Proposition

2K 102 4
                                    


When I awoke, my mouth was dry and my head hurt. It took me a moment to remember where I was, and when the memory comes back to me, anger scorches my veins and taints my heart. Tears sting my eyes and spill over. Delaney set me up. This whole thing.

I curl up in a ball in the corner of the dungeon. The lights have faded, and this is worse than your average darkness. I'm scared, and all I want right now is to be back in the arms of my handsome servant. I cry for him, for us, for the vile that I put in his pants pocket. Delaney knows everything. She pulled our strings like a puppet master, and everything went just the way she wanted it to go.

I was given a lot of time to think here, and I hated the silence. I wrap my hands around the bars and scream for help. I scream until my throat hurts. I cry until I fall into a restless sleep.

I wonder how much time has passed. Does anyone but Xavier notice that I am gone? What about Persephone and Hades? Everything inside of me doesn't want them to die.
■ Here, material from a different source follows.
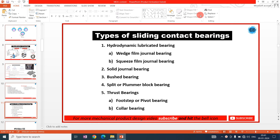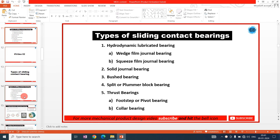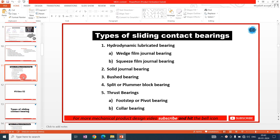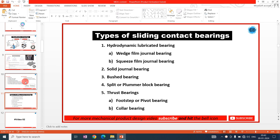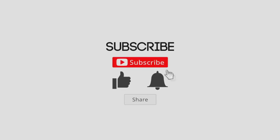The next video will cover all types of sliding contact bearing in detail, followed by videos on lubrication. After completing the sliding contact bearing series, we will discuss rolling contact bearings from basic to advanced topics. If you liked this video, please like, share, and subscribe to the channel. Thank you for watching, see you in the next video.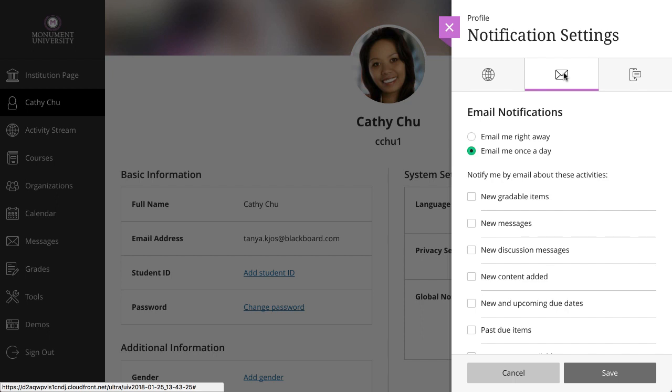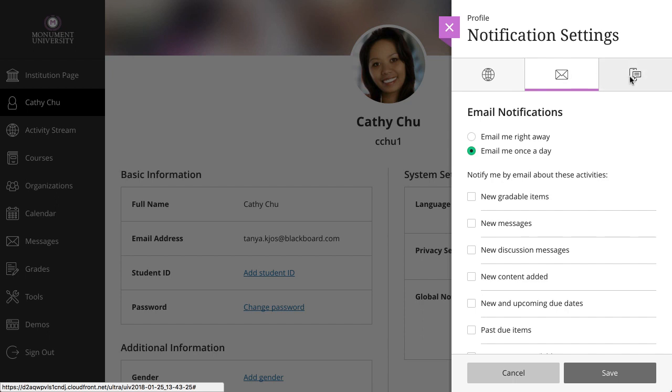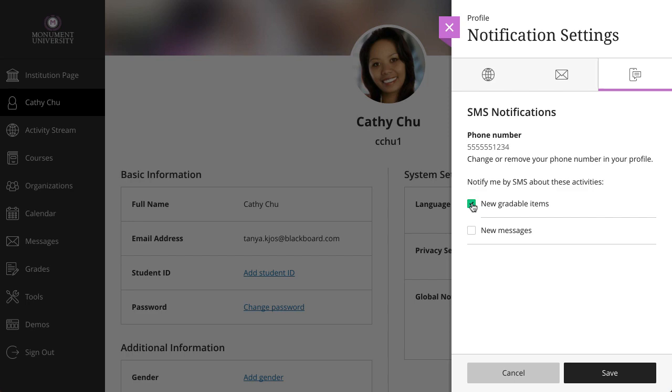And finally, if your institution has set up SMS messages, you can select which notifications you'd like to receive. If you haven't yet provided a phone number in your profile, you will be prompted to do so first.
I want them to live, and I wish I never got myself mixed up in all of this. This is all Delaney's fault, for wanting a better life, for loving an asshole. This was Xavier's fault. This is my fault.

My fault.

Jasmine has Oscar. Castiel is still secretly in love with Delaney. Ivana is a slut. Akari was chosen for the irony and the humor; she's the lesbian of the bunch. The odd ball out. Harley should have made it. She should have been Queen.

Harley.

Jasmine and Oscar said something about bringing Harley back. But now, I couldn't remember what it was. I hated myself for it, for getting her eliminated. She'll hate me, too. The list of enemies and regrets only grows larger and larger, and I realize that I should have taken Jasmine's side a long time ago. . .

But she needed someone to stick the blame on.

         It was at this moment when I realized how much I missed seeing the sun. Here I was, stick in this dark dungeon and all I wanted was to see the sun, again, feel it on my skin.

         And the rain.

          I missed the rain, pounding in endless sheets against all of London. I loved curling up with a good book and a cup of coffee, in an alcove in my bedroom and listening to the rain. I wanted to kiss Xavier in the rain. But now, that can never happen. Plan B won't ever happen.

         For the first real time since this competition began, I cried. I cried for what happened to Harley. I cried because I'm dead. I cried because I only wanted one thing, one person, and they could not yet be mine. They would be taken from me, to the fields of punishment or worse — Tartarus. I cried for Xavier most of all. I screamed at the top of my lungs for him, but there was no way he could hear me from a dungeon cell.

          I don't know how long I've been down here, but after awhile, the guards brought me a tray of food. They were ashen faced and pale and they looked irritated. They left soundlessly even though I begged them to let me out. I screamed that I wasn't Delaney, but they didn't listen.

        "Help me!"

          There was a big loaf of bread and water on the plate. I drank the water too quickly, all at once, greedy. I ate the bread in one bite, and was still hungry for more. It must have happened already.

         I heard a struggle on the stairs, and I stood up.

         Xavier's voice.

         By the sounds of it, he was shouting. "Xavier!" I shouted, and then again: "Xavier!" My voice was hoarse from screaming so loudly. The person I want most is here in this dungeon with me. His screaming fell silent, and he shouts my name, instead.